_What needs to be done:_ When the line containing "Wolf Girl, short,fine,Young" appears in the entries below, begin printing there and stop after the line containing "513 _ 470 _"; print each of those lines exactly and no other line.

_Source data:_
* * *
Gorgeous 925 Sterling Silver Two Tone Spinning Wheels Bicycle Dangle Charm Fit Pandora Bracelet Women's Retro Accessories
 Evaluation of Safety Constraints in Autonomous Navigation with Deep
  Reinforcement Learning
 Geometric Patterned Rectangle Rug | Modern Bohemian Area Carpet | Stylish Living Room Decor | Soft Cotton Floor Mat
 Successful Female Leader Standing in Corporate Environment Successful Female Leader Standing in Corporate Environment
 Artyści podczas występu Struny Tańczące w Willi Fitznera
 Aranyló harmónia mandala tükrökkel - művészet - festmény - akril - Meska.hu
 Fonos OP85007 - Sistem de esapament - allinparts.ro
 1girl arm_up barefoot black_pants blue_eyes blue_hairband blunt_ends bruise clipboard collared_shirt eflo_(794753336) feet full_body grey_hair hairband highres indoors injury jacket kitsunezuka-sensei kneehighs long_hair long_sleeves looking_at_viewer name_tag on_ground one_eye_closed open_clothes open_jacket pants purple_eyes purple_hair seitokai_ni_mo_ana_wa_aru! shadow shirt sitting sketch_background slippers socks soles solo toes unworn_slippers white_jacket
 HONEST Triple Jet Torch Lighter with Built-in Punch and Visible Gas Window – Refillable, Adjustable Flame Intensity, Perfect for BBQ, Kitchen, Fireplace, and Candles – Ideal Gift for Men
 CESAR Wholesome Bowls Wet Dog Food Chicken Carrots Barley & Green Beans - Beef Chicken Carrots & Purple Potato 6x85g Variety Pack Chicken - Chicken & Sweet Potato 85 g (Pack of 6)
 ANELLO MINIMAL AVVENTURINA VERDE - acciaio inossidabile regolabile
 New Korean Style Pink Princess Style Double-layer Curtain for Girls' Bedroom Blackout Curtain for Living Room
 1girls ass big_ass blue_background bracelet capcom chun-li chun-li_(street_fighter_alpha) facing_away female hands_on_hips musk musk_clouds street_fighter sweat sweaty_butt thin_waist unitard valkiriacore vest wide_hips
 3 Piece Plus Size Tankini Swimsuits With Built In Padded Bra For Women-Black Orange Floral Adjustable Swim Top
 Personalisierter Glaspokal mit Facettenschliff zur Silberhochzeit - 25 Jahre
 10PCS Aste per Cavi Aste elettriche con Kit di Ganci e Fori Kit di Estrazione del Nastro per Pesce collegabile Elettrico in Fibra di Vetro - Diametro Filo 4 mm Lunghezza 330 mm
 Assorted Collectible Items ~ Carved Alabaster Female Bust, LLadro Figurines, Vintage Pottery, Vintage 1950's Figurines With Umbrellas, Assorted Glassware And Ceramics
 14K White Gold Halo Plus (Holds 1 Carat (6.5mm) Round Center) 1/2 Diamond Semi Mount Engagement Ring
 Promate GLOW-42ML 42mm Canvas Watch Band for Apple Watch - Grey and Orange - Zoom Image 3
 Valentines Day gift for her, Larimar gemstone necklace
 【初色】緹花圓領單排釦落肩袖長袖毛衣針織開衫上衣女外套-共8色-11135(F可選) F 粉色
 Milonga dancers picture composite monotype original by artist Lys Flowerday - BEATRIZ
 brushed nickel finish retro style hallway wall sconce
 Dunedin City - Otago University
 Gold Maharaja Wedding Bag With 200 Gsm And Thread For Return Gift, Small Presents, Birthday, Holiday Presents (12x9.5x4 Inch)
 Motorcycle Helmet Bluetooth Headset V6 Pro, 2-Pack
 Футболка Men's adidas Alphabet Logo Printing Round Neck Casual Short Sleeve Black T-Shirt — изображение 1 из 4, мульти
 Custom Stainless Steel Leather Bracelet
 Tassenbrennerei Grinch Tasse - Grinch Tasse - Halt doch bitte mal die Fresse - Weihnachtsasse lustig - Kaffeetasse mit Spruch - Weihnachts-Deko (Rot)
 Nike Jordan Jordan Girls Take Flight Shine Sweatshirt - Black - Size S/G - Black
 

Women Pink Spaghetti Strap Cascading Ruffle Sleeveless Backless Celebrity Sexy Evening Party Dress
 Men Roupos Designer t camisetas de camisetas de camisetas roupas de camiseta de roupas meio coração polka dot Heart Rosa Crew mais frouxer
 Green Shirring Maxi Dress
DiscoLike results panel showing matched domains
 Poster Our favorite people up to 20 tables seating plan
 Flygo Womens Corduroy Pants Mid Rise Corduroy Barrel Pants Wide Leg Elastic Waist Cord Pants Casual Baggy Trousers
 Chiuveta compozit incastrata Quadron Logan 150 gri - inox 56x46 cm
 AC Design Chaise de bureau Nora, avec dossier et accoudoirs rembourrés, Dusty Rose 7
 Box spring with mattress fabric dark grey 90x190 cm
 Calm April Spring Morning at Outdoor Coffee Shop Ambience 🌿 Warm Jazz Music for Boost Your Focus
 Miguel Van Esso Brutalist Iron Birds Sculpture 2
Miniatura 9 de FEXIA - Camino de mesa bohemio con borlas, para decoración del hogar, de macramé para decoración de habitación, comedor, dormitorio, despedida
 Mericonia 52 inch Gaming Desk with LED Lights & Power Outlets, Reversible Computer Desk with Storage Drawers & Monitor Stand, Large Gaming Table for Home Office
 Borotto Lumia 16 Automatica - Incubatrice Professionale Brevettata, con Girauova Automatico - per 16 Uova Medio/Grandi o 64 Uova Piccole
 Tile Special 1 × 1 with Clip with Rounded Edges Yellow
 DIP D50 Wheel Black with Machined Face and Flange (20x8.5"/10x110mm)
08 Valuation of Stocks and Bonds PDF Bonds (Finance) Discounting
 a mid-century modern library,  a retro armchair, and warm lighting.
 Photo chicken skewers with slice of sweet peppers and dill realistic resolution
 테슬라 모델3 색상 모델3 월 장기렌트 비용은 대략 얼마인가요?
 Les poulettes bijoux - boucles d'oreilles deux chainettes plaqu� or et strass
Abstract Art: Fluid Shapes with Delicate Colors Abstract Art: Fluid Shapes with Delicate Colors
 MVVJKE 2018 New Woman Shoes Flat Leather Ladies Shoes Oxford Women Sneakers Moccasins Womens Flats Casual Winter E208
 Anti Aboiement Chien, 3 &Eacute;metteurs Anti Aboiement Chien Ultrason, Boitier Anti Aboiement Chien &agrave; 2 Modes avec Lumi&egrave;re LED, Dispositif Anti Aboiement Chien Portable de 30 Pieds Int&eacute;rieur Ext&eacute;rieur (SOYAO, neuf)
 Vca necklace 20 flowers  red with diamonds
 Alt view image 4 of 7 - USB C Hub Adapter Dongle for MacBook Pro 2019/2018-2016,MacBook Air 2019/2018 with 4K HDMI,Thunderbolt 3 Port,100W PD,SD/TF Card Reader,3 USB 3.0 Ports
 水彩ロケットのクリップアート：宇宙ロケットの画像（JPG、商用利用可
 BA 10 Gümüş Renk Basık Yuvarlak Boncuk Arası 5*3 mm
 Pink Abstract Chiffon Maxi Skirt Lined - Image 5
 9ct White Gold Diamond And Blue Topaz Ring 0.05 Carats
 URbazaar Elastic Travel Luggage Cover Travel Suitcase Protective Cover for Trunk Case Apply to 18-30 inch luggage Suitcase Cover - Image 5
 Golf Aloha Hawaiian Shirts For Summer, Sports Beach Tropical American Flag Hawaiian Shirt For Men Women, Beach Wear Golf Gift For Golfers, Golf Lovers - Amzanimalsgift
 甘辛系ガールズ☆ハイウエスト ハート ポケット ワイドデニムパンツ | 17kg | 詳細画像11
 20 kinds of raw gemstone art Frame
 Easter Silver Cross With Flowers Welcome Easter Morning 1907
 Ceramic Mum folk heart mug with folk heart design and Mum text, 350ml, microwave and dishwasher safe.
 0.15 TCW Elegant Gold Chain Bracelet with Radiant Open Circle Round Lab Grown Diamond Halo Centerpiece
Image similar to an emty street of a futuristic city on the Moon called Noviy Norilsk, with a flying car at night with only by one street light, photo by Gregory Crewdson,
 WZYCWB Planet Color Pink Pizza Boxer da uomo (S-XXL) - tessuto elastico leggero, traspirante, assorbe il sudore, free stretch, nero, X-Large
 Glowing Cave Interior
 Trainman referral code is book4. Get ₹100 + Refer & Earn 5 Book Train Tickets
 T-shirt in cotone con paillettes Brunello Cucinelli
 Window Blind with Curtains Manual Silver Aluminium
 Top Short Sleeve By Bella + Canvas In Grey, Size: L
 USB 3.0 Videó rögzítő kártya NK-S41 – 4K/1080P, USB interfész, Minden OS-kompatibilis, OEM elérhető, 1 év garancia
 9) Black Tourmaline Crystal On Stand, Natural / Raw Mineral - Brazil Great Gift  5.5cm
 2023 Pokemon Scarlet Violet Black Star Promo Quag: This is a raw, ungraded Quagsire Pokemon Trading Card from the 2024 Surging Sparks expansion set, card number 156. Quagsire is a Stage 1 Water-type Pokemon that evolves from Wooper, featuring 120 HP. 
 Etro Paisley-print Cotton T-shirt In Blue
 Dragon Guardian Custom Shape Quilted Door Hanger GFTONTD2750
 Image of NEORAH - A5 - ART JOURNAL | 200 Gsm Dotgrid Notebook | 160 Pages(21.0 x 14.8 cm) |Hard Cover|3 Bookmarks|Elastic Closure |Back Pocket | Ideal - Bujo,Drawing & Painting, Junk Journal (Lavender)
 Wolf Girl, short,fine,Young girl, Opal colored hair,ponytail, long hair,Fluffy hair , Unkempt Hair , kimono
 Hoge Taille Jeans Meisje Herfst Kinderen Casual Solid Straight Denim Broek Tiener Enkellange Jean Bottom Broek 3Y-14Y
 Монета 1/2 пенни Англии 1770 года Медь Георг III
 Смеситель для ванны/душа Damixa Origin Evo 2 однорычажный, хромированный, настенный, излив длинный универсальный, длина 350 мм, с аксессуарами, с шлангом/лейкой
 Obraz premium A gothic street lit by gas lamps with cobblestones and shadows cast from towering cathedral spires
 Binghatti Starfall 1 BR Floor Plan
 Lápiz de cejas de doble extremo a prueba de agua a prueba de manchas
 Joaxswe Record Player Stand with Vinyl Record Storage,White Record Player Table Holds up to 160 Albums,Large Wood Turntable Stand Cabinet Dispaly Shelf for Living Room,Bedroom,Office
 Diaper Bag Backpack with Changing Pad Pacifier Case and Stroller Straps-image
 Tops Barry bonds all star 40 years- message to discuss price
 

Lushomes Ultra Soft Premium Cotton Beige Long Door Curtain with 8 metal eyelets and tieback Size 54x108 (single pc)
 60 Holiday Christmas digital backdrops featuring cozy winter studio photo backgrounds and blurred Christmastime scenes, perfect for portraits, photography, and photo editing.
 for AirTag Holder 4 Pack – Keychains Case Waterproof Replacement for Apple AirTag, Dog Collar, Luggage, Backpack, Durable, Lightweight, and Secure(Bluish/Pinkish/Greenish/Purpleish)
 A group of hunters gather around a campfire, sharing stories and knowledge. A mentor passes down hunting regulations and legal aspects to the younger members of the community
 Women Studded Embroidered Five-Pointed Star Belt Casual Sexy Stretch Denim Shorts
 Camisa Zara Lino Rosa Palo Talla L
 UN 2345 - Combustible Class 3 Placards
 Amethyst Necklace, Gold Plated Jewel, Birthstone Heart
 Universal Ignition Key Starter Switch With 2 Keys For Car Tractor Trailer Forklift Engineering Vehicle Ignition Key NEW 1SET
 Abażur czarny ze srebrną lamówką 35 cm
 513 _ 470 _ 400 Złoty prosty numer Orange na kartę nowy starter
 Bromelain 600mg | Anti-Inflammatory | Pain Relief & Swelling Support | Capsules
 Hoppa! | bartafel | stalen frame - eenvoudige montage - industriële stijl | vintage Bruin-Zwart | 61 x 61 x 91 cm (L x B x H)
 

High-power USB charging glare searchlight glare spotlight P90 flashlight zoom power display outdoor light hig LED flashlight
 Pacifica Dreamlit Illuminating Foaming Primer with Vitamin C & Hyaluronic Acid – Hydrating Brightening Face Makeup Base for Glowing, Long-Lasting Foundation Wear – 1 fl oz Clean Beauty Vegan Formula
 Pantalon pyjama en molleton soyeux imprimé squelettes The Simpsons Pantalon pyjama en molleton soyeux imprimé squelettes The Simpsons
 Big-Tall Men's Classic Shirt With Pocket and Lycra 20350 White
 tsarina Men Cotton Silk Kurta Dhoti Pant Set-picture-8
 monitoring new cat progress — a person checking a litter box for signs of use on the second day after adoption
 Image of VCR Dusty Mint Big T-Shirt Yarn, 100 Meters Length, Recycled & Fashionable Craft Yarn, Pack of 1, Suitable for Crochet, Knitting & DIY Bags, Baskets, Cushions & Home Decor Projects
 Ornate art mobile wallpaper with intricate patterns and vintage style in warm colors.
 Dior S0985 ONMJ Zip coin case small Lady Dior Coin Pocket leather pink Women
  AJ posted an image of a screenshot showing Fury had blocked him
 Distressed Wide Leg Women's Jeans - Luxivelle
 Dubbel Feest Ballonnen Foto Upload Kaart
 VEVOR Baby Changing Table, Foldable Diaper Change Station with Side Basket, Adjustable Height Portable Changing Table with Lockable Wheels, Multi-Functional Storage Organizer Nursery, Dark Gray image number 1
* * *
_Solved problem:_
 Wolf Girl, short,fine,Young girl, Opal colored hair,ponytail, long hair,Fluffy hair , Unkempt Hair , kimono
 Hoge Taille Jeans Meisje Herfst Kinderen Casual Solid Straight Denim Broek Tiener Enkellange Jean Bottom Broek 3Y-14Y
 Монета 1/2 пенни Англии 1770 года Медь Георг III
 Смеситель для ванны/душа Damixa Origin Evo 2 однорычажный, хромированный, настенный, излив длинный универсальный, длина 350 мм, с аксессуарами, с шлангом/лейкой
 Obraz premium A gothic street lit by gas lamps with cobblestones and shadows cast from towering cathedral spires
 Binghatti Starfall 1 BR Floor Plan
 Lápiz de cejas de doble extremo a prueba de agua a prueba de manchas
 Joaxswe Record Player Stand with Vinyl Record Storage,White Record Player Table Holds up to 160 Albums,Large Wood Turntable Stand Cabinet Dispaly Shelf for Living Room,Bedroom,Office
 Diaper Bag Backpack with Changing Pad Pacifier Case and Stroller Straps-image
 Tops Barry bonds all star 40 years- message to discuss price
 

Lushomes Ultra Soft Premium Cotton Beige Long Door Curtain with 8 metal eyelets and tieback Size 54x108 (single pc)
 60 Holiday Christmas digital backdrops featuring cozy winter studio photo backgrounds and blurred Christmastime scenes, perfect for portraits, photography, and photo editing.
 for AirTag Holder 4 Pack – Keychains Case Waterproof Replacement for Apple AirTag, Dog Collar, Luggage, Backpack, Durable, Lightweight, and Secure(Bluish/Pinkish/Greenish/Purpleish)
 A group of hunters gather around a campfire, sharing stories and knowledge. A mentor passes down hunting regulations and legal aspects to the younger members of the community
 Women Studded Embroidered Five-Pointed Star Belt Casual Sexy Stretch Denim Shorts
 Camisa Zara Lino Rosa Palo Talla L
 UN 2345 - Combustible Class 3 Placards
 Amethyst Necklace, Gold Plated Jewel, Birthstone Heart
 Universal Ignition Key Starter Switch With 2 Keys For Car Tractor Trailer Forklift Engineering Vehicle Ignition Key NEW 1SET
 Abażur czarny ze srebrną lamówką 35 cm
 513 _ 470 _ 400 Złoty prosty numer Orange na kartę nowy starter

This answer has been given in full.